Online residential property market research company Suburbwatch says as long as buyers know which suburb to pick, there's still plenty of potential for earnings growth - between five and ten per cent annually, in fact.
Some parts of Wellington will even yield annual returns of 20 per cent, the website's report says.
Suburbwatch claims to "analyse long term property price trends which identify strengthening and weakening market trends in individual suburbs before the market reflects them in current property prices."
It also identifies what it deems to be 'Fast Mover' suburbs, where prices are moving up a lot quicker than other locations.

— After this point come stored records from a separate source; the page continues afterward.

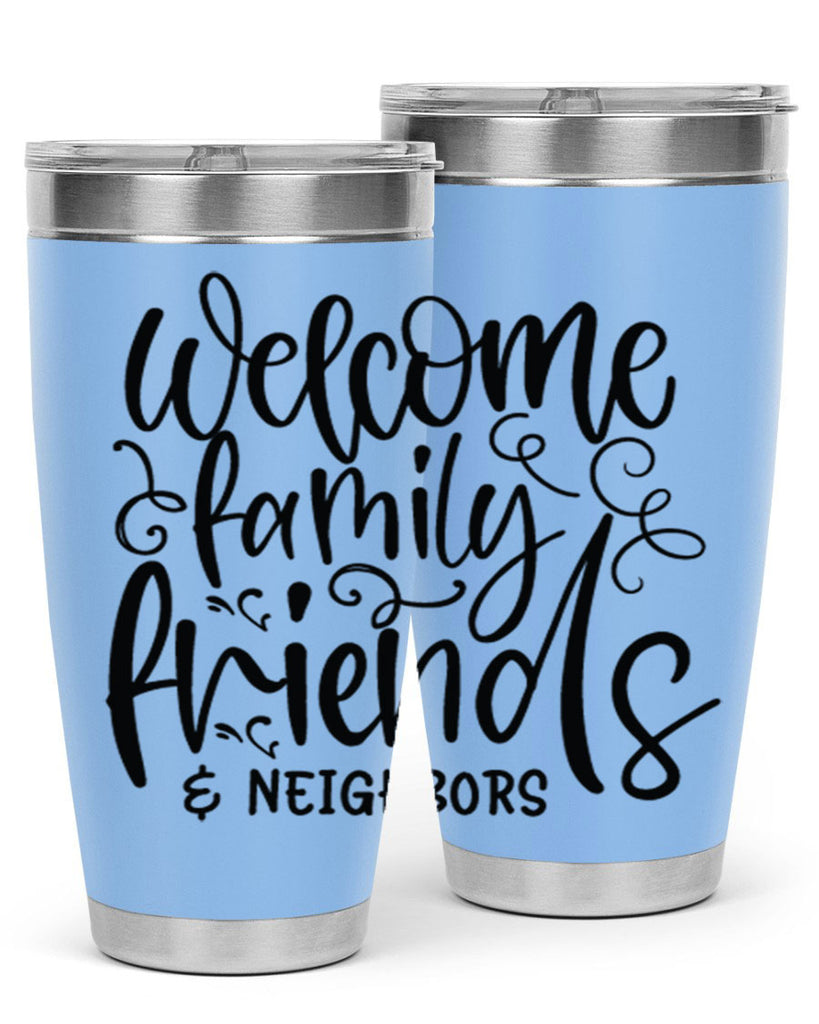 welcome family friends neighbors 13#- family- Tumbler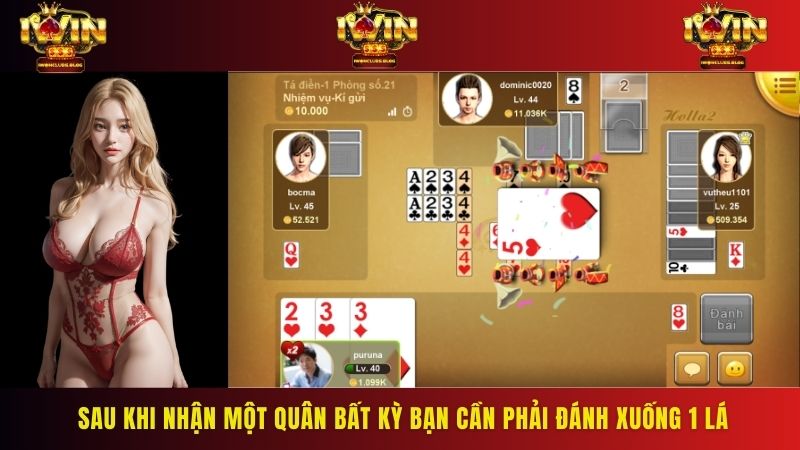 Sau khi nhận một quân bất kỳ anh em cần phải đánh xuống 1 lá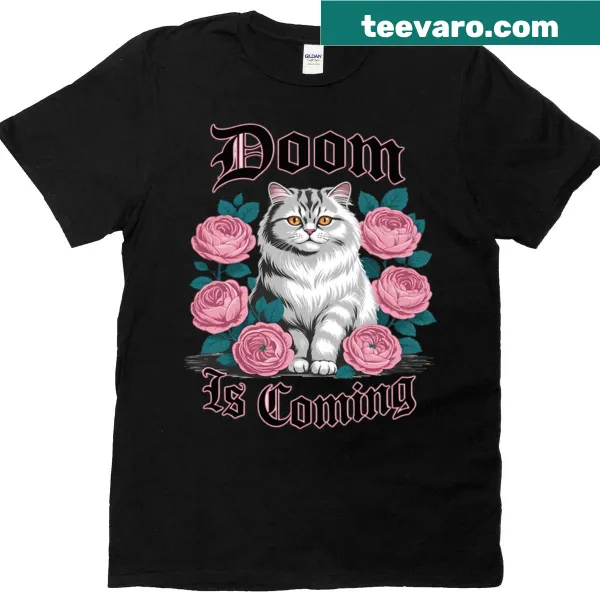 Funny t-shirt with 'Doom Is Coming' and a cat graphic.
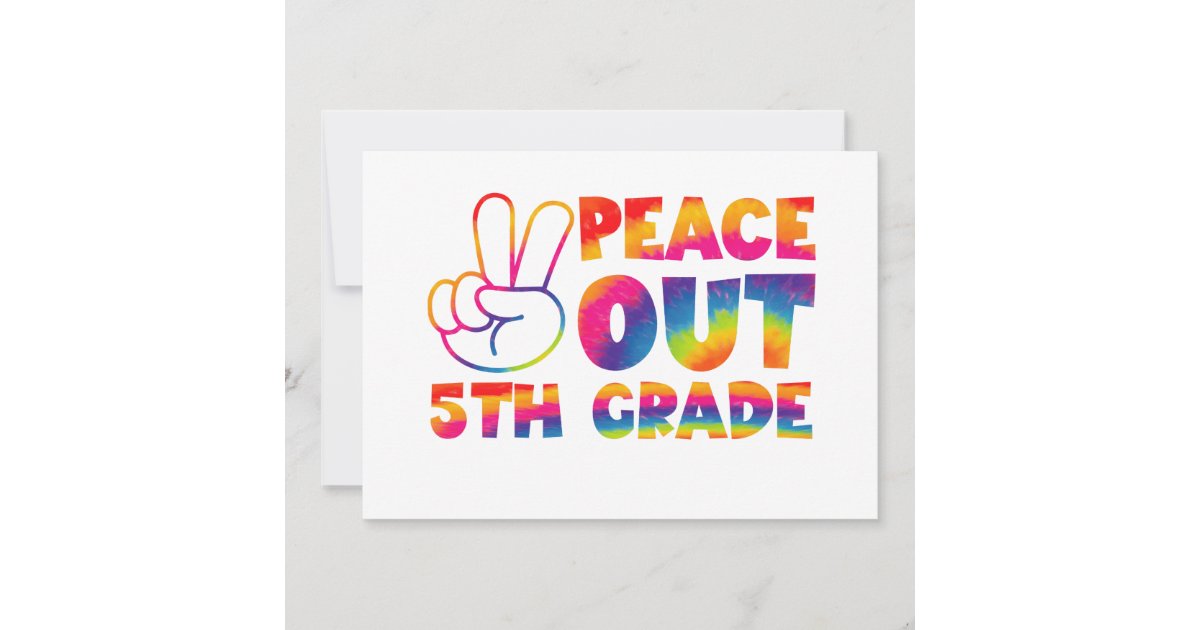 Peace Out Fifth Grade Tie Dye Last Day 5th Grade Invitation Zazzle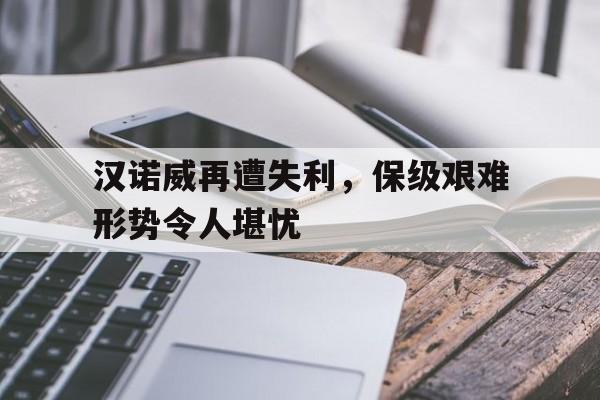 星空体育官方网站-汉诺威再遭失利，保级艰难形势令人堪忧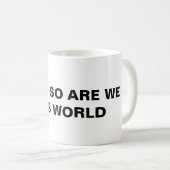 彼がそうであるように、我々もこの世にいる コーヒーマグカップ (正面右)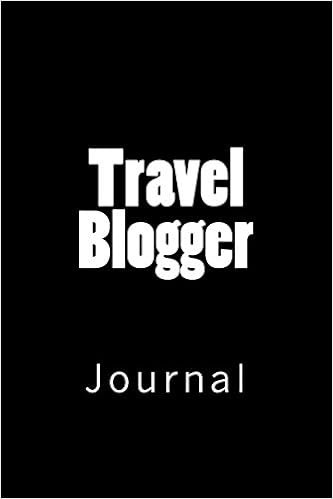 Travel Blogger: Journal, 150 lined pages, softcover, 6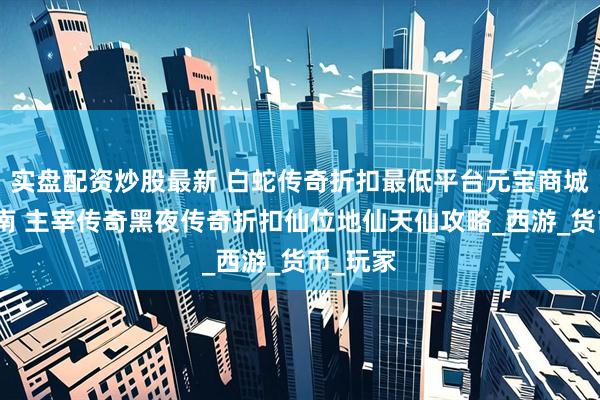 实盘配资炒股最新 白蛇传奇折扣最低平台元宝商城购买指南 主宰传奇黑夜传奇折扣仙位地仙天仙攻略_西游_货币_玩家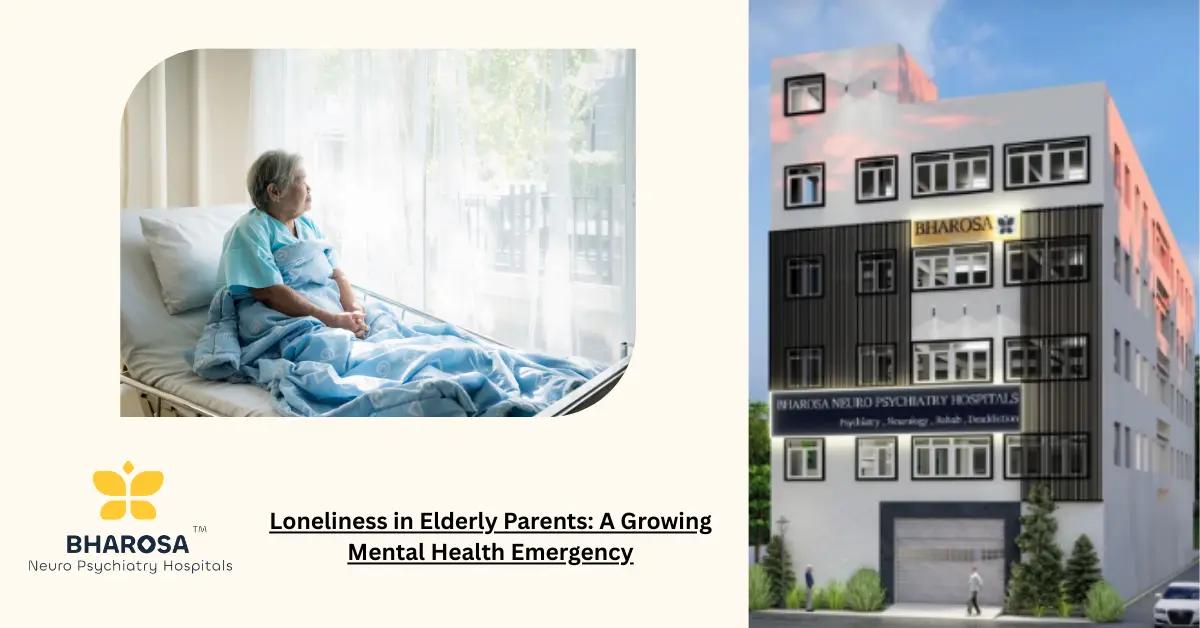 Loneliness in Elderly Parents: A Growing Mental Health Emergency | Bharosa Hospitals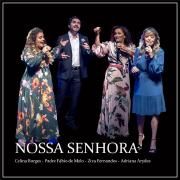 Nossa Senhora (part. Celina Borges, Adriana Arydes e Ziza Fernandes) (Ao Vivo)}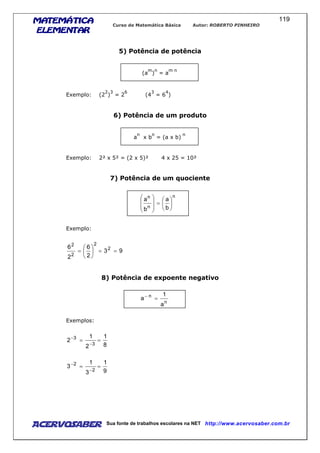 MATEMÁTICAMATEMÁTICAMATEMÁTICAMATEMÁTICA
ELEMENTARELEMENTARELEMENTARELEMENTAR
Curso de Matemática Básica Autor: ROBERTO PINHEIRO
AcervoSaber Sua fonte de trabalhos escolares na NET http://www.acervosaber.com.br
119
5) Potência de potência
(a
m
)
n
= a
m n
Exemplo: (2
2
)
3
= 2
6
(4
3
= 6
4
)
6) Potência de um produto
a
n
x b
n
= (a x b)
n
Exemplo: 2² x 5² = (2 x 5)² 4 x 25 = 10²
7) Potência de um quociente
n
n
n
b
a
b
a






=








Exemplo:
93
2
6
2
6 2
2
2
2
==





=
8) Potência de expoente negativo
n
n
a
1
a =−
Exemplos:
8
1
2
1
2
3
3
==
−
−
9
1
3
1
3
2
2
==
−
−
 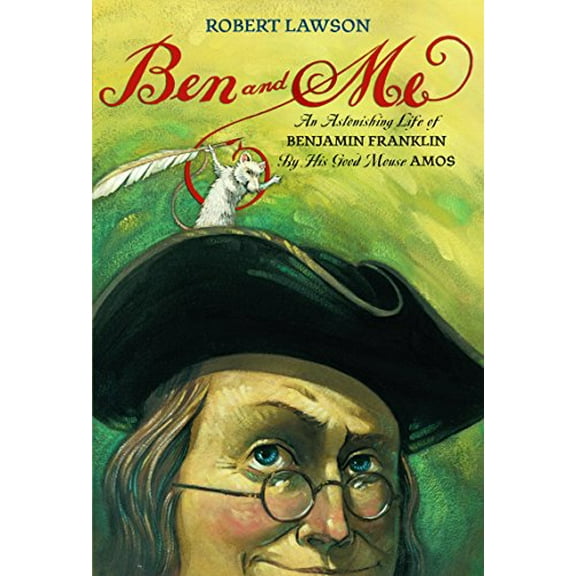 Pre-Owned Ben and Me: An Astonishing Life of Benjamin Franklin by His Good Mouse Amos (Paperback) 0316517305 9780316517300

Their website highlights the country's three major cities and breaks them down suburb by suburb.
Each suburb attracts a rating, not dissimilar to those which an equities market analyst would attribute to a particular stock for his clients: "Buy, Buy-Hold,Hold, Sell-Hold, and Sell".
Their summaries of current activity in the three main centres are as follows:
AUCKLAND
"A divergence in property price growth trends across parts of Auckland with some suburbs revealing a deterioration in their trends whilst other suburbs look set to continue to boom. These trends indicate that now 40 per cent of Auckland suburbs are still offering good capital growth opportunities in the short to medium term."
WELLINGTON
"Wellington generally remains a strong market with some suburbs revealing a 20 per cent capital growth rate on an annualised basis."
CHRISTCHURCH
"Christchurch is experiencing a continued shift to property price growth trends which reveal slowing property price growth but still around half of Christchurch suburbs are now indicating it is a good time to buy."
Access to the information on the website is by subscription, starting from $30 and going all the way up to around $1000.